Technical as they may sound, they are all focused on the core objective of limiting global warming to 1.5º C and reaching net zero carbon dioxide emissions by 2050.

But here’s where the discourse starts to get muddled. Since carbon emissions continue to rise, the final COP28 agreement made stronger pitches for the parties to focus on the goal of tripling renewable energy capacity globally by 2030.

However, India has lobbied painstakingly on behalf of itself and other developing economies to not get stuck with the baseline of 2030, allowing countries the freedom to be flexible and choose a baseline that suits their economic situations.

While this may seem like a digression from climate policies, it realistically acknowledges the requirements of the non-industrialised world.

In yet another victory for India and other developing economies, the agreement has factored in objections to the term ‘phase out’ for fossil fuels, landing on the safer alternative of “phase down of unabated coal power”.

However, the most cardinal part of the entire text is the section on transitioning away from fossil fuels in energy systems in a just, orderly, and equitable manner to achieve net zero by 2050.

A semantic solution to perennial deadlocks?

This is the first time in almost three decades that “fossil fuels” have been cited in the final agreement of climate talks.

While critics have highlighted the inherent weakness of “transitioning away from fossil fuels” compared to the more robust “phasing out”, the latter remains an elusive goal in realistic terms.

What this year’s climate deal has done right is that it has introduced fossil fuels into the debate by adhering to a safer expression instead of getting mired in the politically divisive expressions.

This approach also helps keep developing economies aligned with the industrialised world.

The former are not prepared to phase out traditional fuels without adequate support from developed economies for transitioning to renewables and maturing their own industries.

The other reason is purely commercial and singularly pressing—the vital interest of giant fossil fuel companies and petrostates.
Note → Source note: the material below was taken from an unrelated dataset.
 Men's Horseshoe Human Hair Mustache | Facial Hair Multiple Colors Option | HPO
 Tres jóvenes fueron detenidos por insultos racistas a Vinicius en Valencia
Fossil fuels not only remain the backbone of heavy industry for most economies, they are actually being phased up as the world grapples with uncertainty and geopolitical challenges.

Behind the reassuring phrases of our collective green future, unresolved economic interests still lurk. The language of “transitioning away from fossil fuels” sends an essential signal to the industry, but its utility ends there.

It remains conspicuously silent regarding any decision on peaking global emissions, which is a critical task for ensuring sustained reductions.

It would be interesting to see how Germany, Europe’s biggest economy, responds to this decision, as it has maintained an anti-nuclear stance even after Russia’s war in Ukraine choked natural gas supplies from Moscow.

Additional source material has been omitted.